→ COLLECTED DATA

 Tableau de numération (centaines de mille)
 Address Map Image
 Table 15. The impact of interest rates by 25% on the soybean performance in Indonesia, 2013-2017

→ WORK TO COMPLETE
Please restate the whole listing word for word.

→ WRITTEN ANSWER
 Tableau de numération (centaines de mille)
 Address Map Image
 Table 15. The impact of interest rates by 25% on the soybean performance in Indonesia, 2013-2017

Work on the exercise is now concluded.